[Opening Data records section]
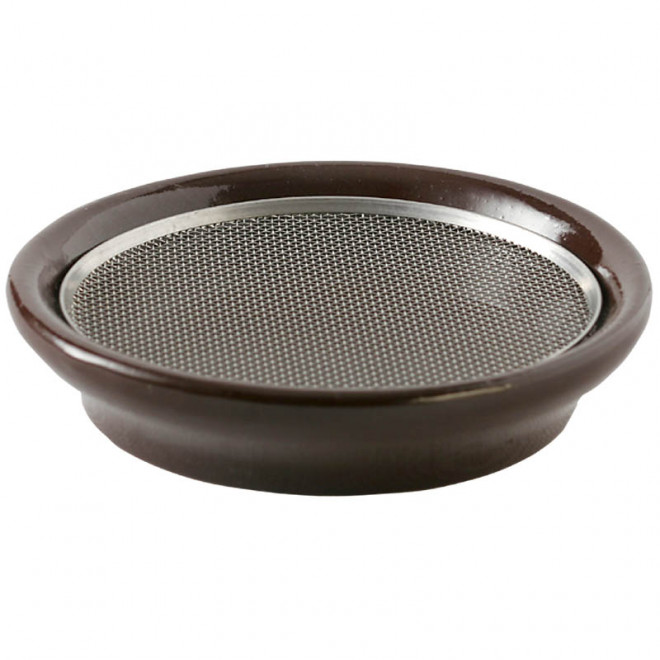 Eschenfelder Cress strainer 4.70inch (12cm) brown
[Closing Data records section]
[Opening Data records section]
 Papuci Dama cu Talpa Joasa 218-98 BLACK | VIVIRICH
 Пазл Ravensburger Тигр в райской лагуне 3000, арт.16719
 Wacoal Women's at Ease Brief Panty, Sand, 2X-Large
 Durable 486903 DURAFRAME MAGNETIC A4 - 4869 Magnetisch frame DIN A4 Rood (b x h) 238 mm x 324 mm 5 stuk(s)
[Closing Data records section]
— The task —
The range runs from the line with "Wacoal Women's at" up to and including the line with "Durable 486903 DURAFRAME" in the listing above; please write out exactly those lines and nothing more.

— Answer to the exercise —
 Wacoal Women's at Ease Brief Panty, Sand, 2X-Large
 Durable 486903 DURAFRAME MAGNETIC A4 - 4869 Magnetisch frame DIN A4 Rood (b x h) 238 mm x 324 mm 5 stuk(s)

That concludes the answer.